TASK BRIEF – Look below for the line with "Merrell back vented", then repeat it and all lines after it, exactly, minus any pictures.

Short text fragments from websites
- Opening Delimiter -

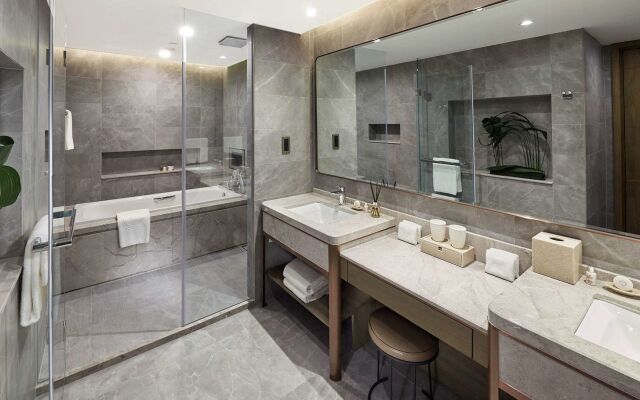 Oasis Aurum 181 Hotel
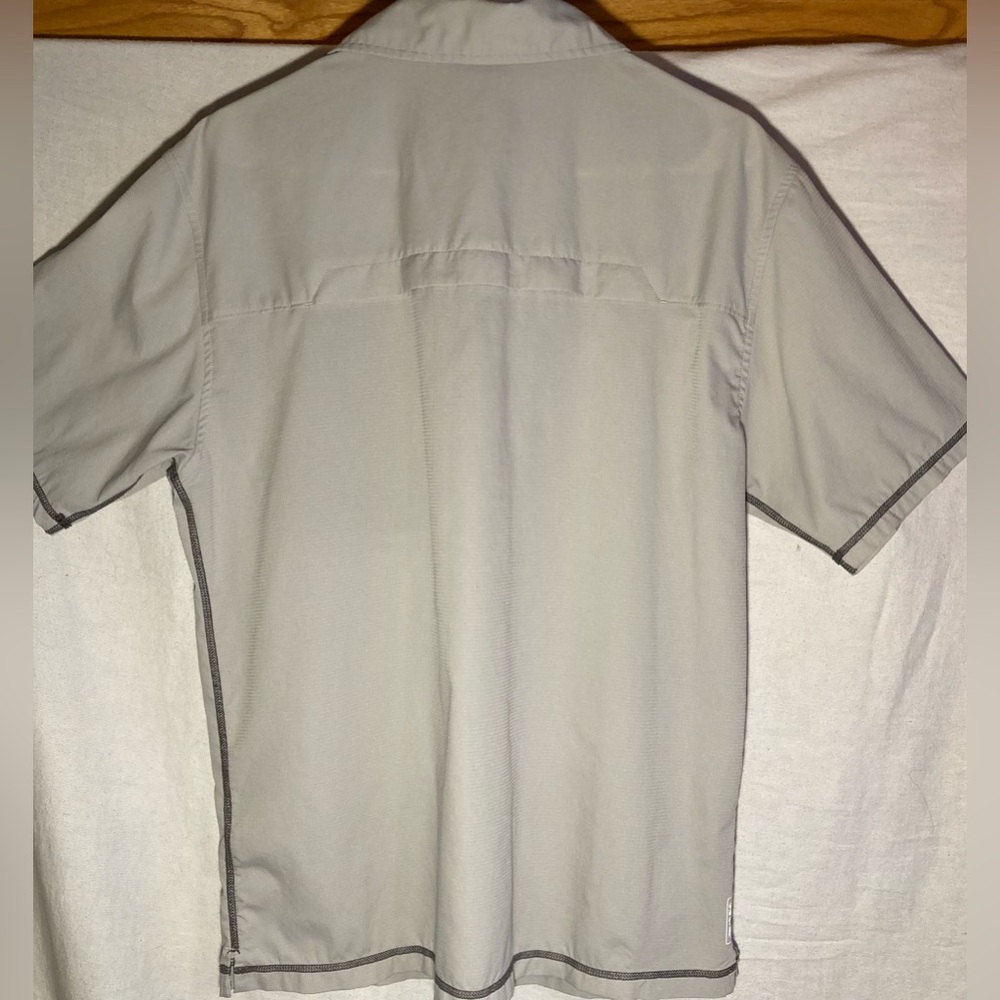 Merrell back vented button down - Picture 2 of 8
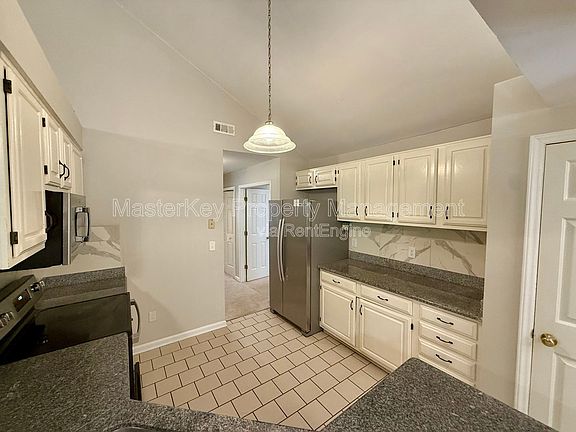 5th image of 103 Miramar Ct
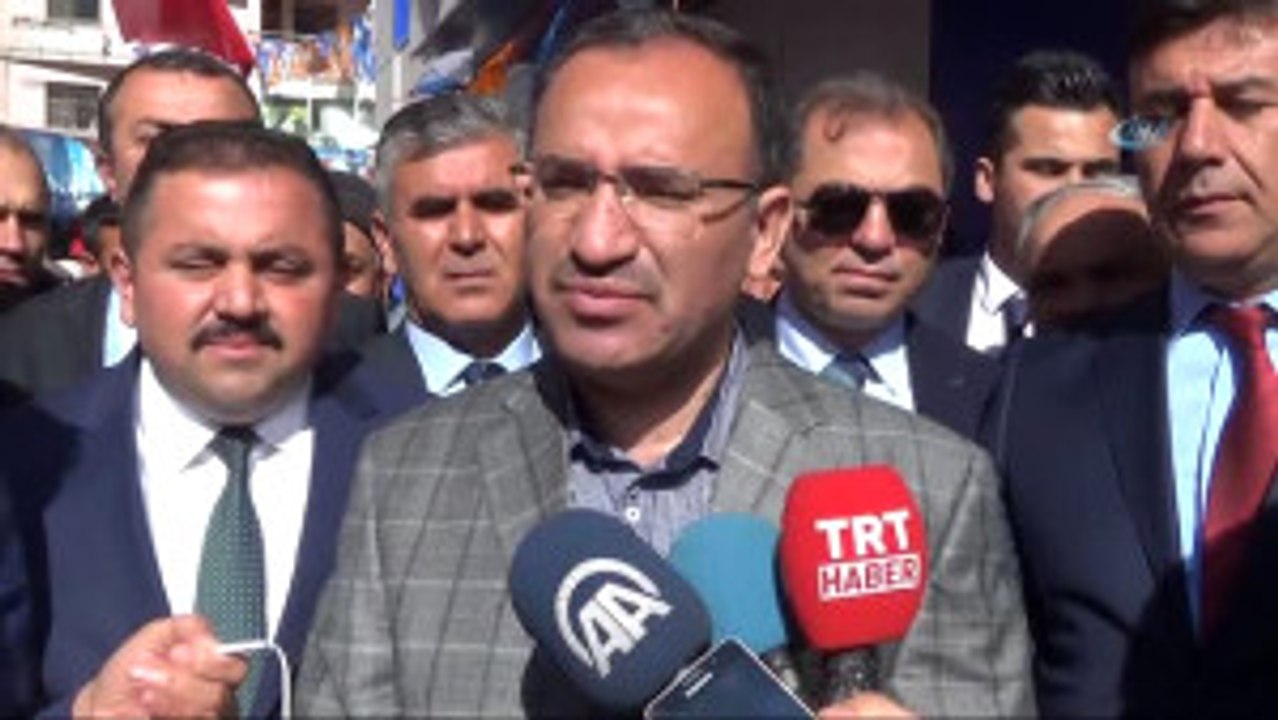 Bakan Bekir Bozdağ, "Türkiye İsviçre'nin veya Terör Örgütlerinin Yaptıklarıyla Rotasını...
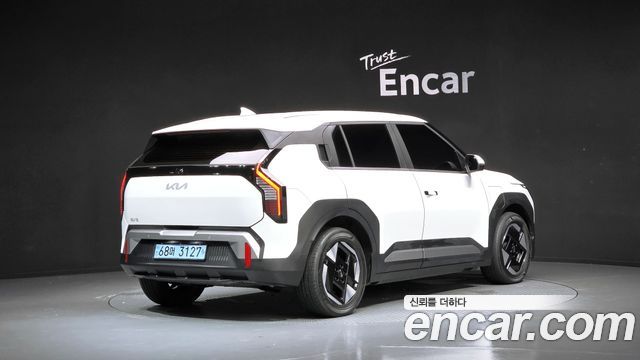 Kia EV3 Long Range 2WD AIr 2025 — фото 2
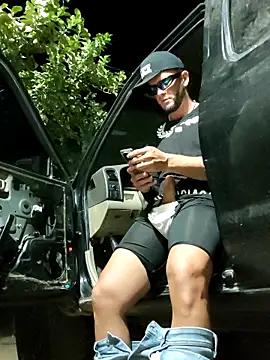 PIGHIGHDIRTY_p0 – Naživo XXX chat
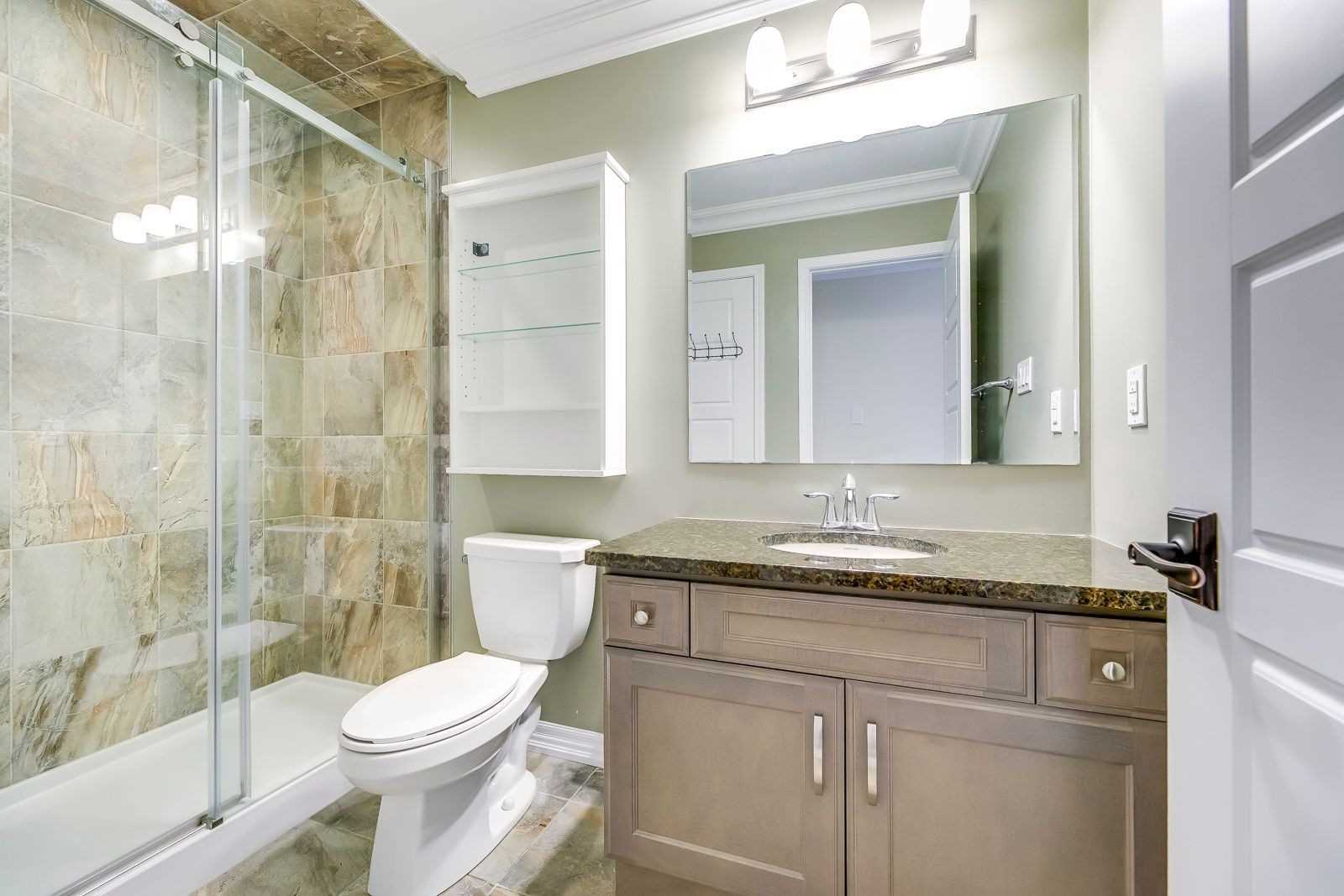 Listing W5883906 - Large Photo # 32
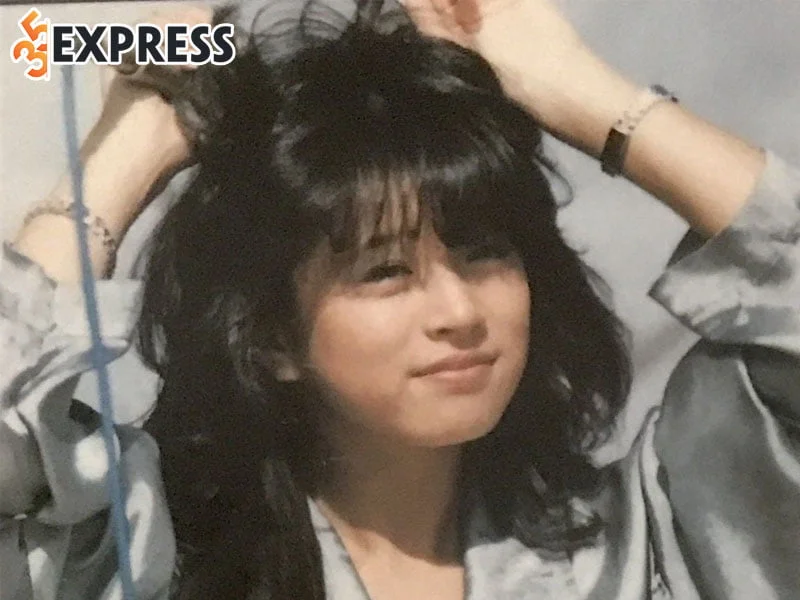 nhung-hinh-anh-gay-xao-xuyen-cua-akina-nakamori-1-35express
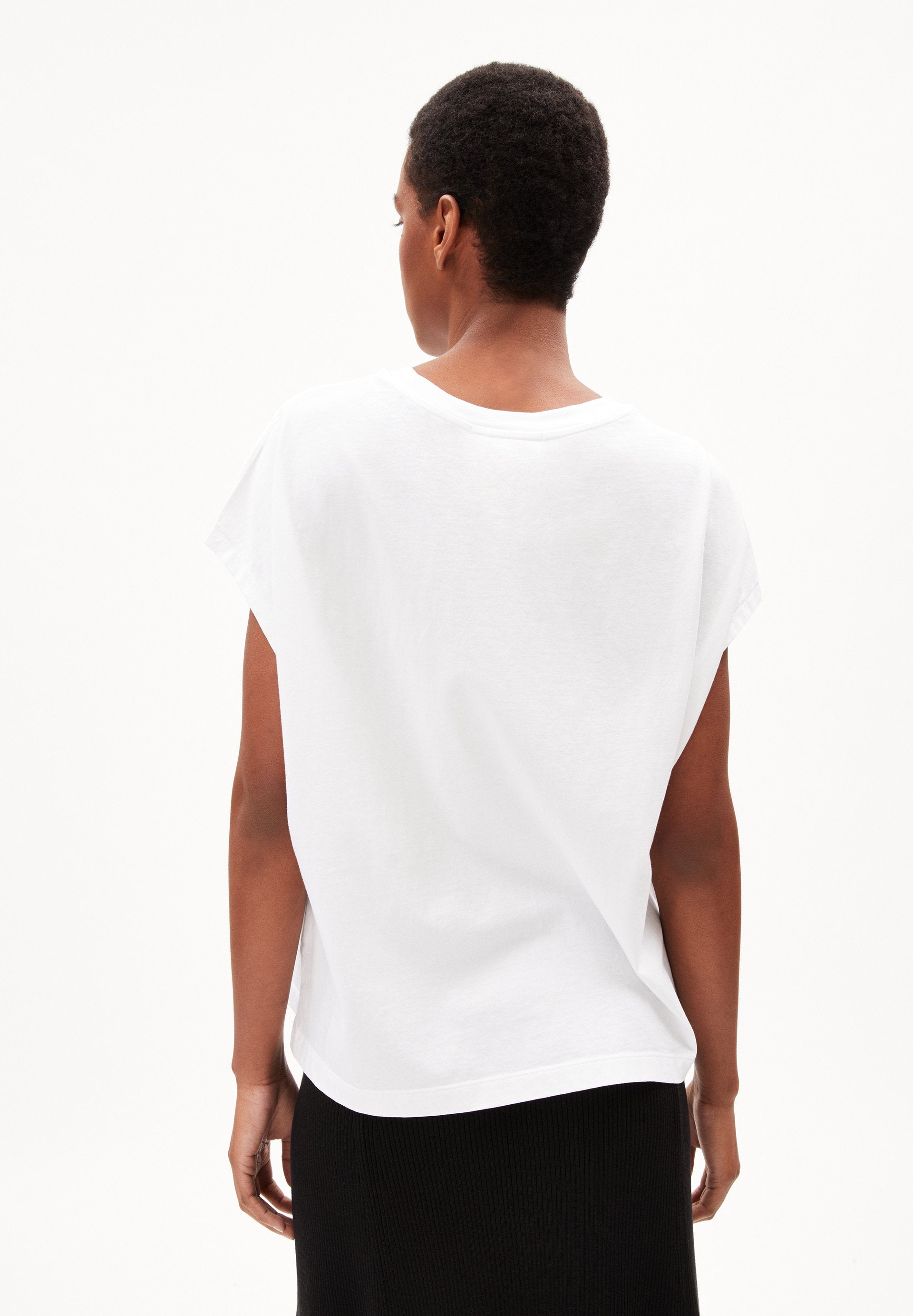 Inaara (White)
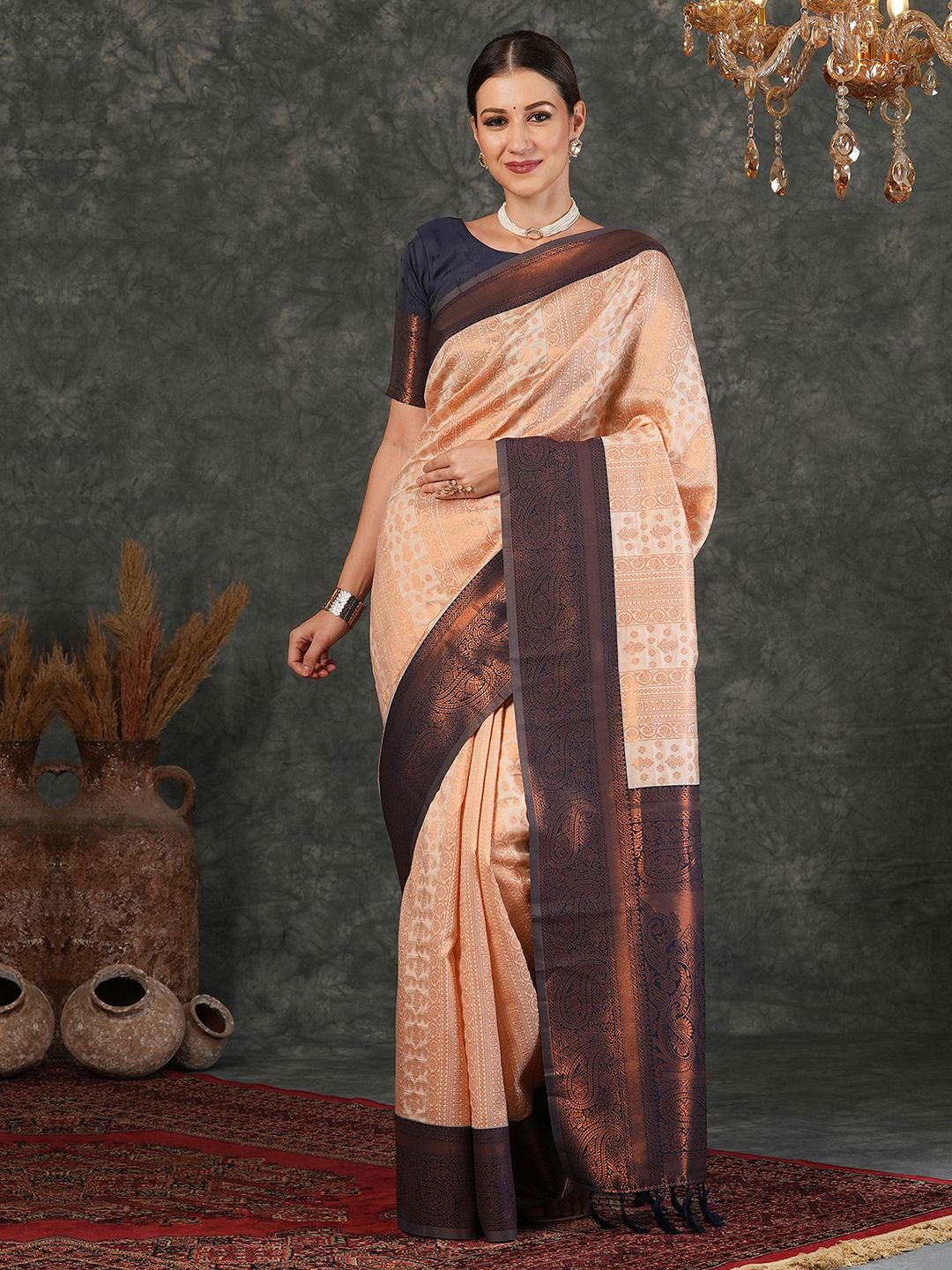 

Mitera Ethnic Motifs Woven Design Zari Banarasi Saree, Peach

- Closing Delimiter -

RESULT OF THE TASK –
 Merrell back vented button down - Picture 2 of 8
 5th image of 103 Miramar Ct
 Bakan Bekir Bozdağ, "Türkiye İsviçre'nin veya Terör Örgütlerinin Yaptıklarıyla Rotasını...
 Kia EV3 Long Range 2WD AIr 2025 — фото 2
 PIGHIGHDIRTY_p0 – Naživo XXX chat
 Listing W5883906 - Large Photo # 32
 nhung-hinh-anh-gay-xao-xuyen-cua-akina-nakamori-1-35express
 Inaara (White)

Mitera Ethnic Motifs Woven Design Zari Banarasi Saree, Peach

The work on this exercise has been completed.